Start of Records to process

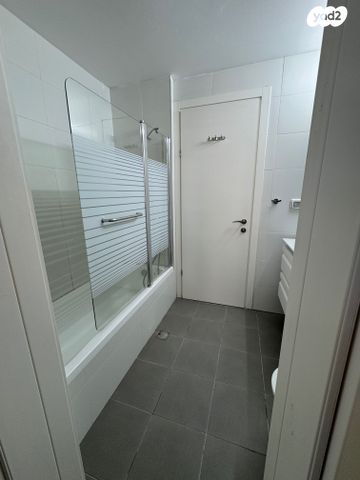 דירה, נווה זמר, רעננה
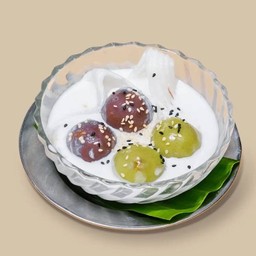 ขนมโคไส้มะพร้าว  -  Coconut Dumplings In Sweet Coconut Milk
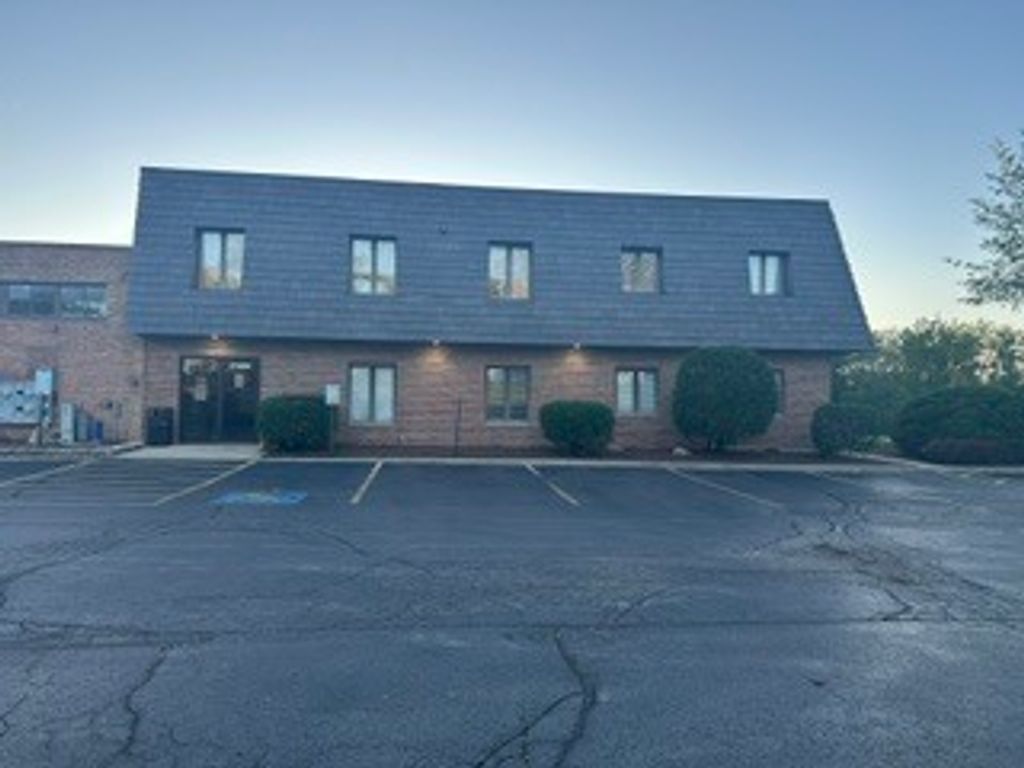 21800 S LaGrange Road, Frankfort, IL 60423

End of Records to process
Start of Records to process

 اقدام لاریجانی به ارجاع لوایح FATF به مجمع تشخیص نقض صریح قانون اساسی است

End of Records to process

# Problem to work on
Only one stretch of the entries above is needed: the lines from the one containing "דירה, נווה זמר, רעננה" through the one containing "21800 S LaGrange Road, Frankfort, IL 60423". Copy it exactly, without the pictures.

# Solution
 דירה, נווה זמר, רעננה
 ขนมโคไส้มะพร้าว  -  Coconut Dumplings In Sweet Coconut Milk
 21800 S LaGrange Road, Frankfort, IL 60423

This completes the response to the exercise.